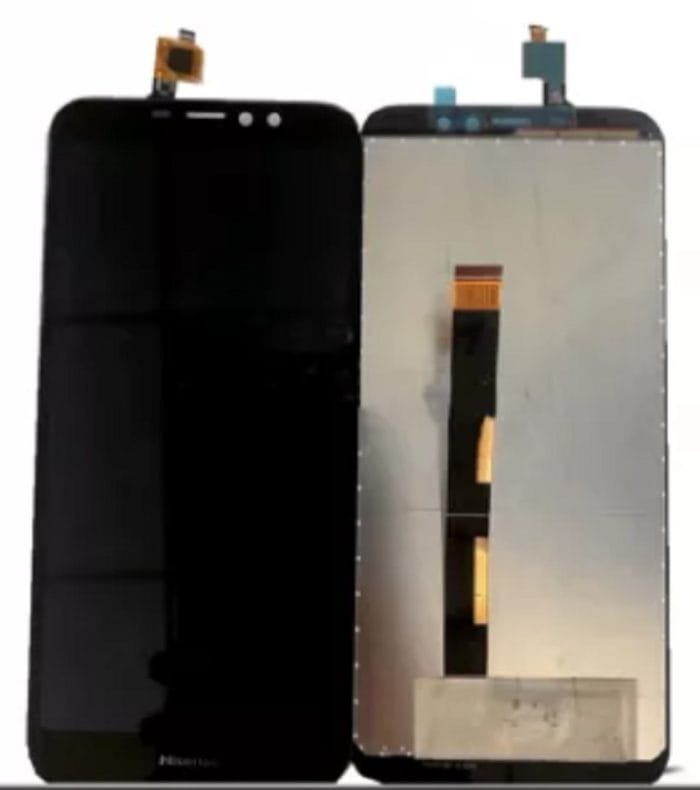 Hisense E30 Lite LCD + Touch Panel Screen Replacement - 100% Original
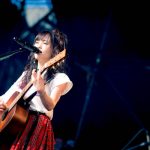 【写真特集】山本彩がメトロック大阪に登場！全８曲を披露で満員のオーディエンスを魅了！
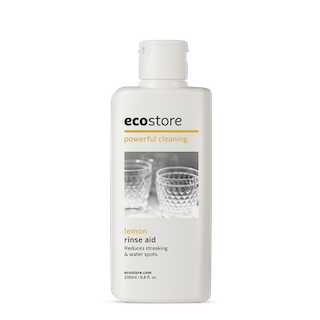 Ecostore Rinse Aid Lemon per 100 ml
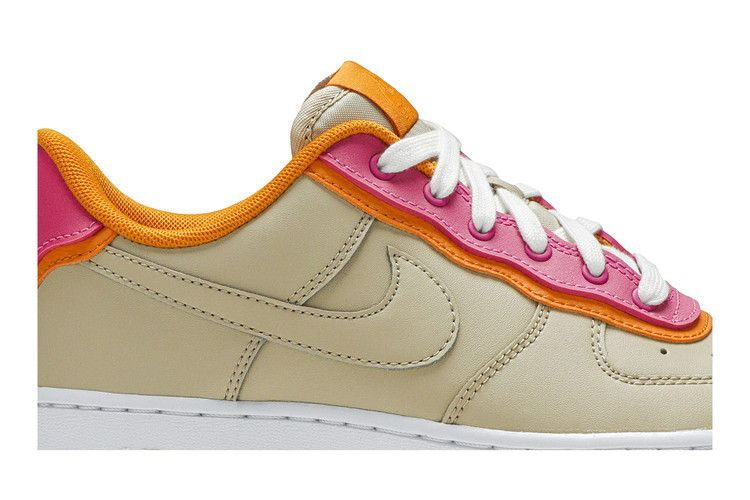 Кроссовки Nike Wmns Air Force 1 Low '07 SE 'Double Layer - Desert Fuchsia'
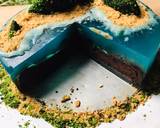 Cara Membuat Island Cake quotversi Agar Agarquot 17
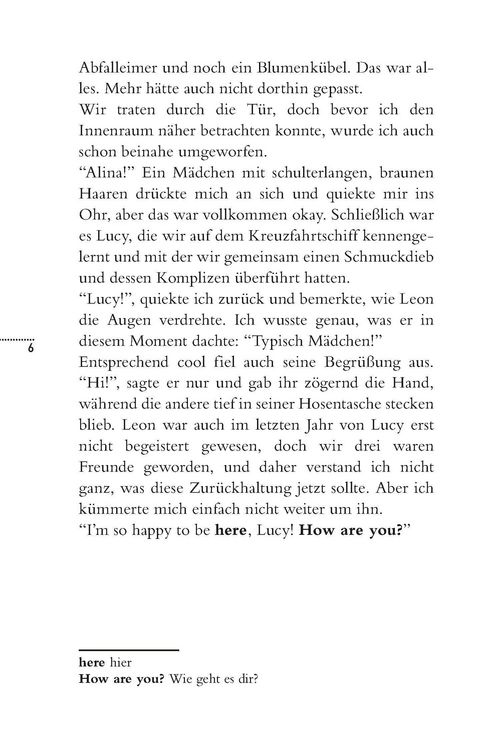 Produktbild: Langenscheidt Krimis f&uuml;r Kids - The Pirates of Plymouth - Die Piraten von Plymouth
--------------------------------
#### DIRECTIONS:
Transcribe the listing word for word, but keep its pictures out of the copy.

#### RESPONSE TO THE TASK:
 Hisense E30 Lite LCD + Touch Panel Screen Replacement - 100% Original
 【写真特集】山本彩がメトロック大阪に登場！全８曲を披露で満員のオーディエンスを魅了！
 Ecostore Rinse Aid Lemon per 100 ml
 Кроссовки Nike Wmns Air Force 1 Low '07 SE 'Double Layer - Desert Fuchsia'
 Cara Membuat Island Cake quotversi Agar Agarquot 17
 Produktbild: Langenscheidt Krimis f&uuml;r Kids - The Pirates of Plymouth - Die Piraten von Plymouth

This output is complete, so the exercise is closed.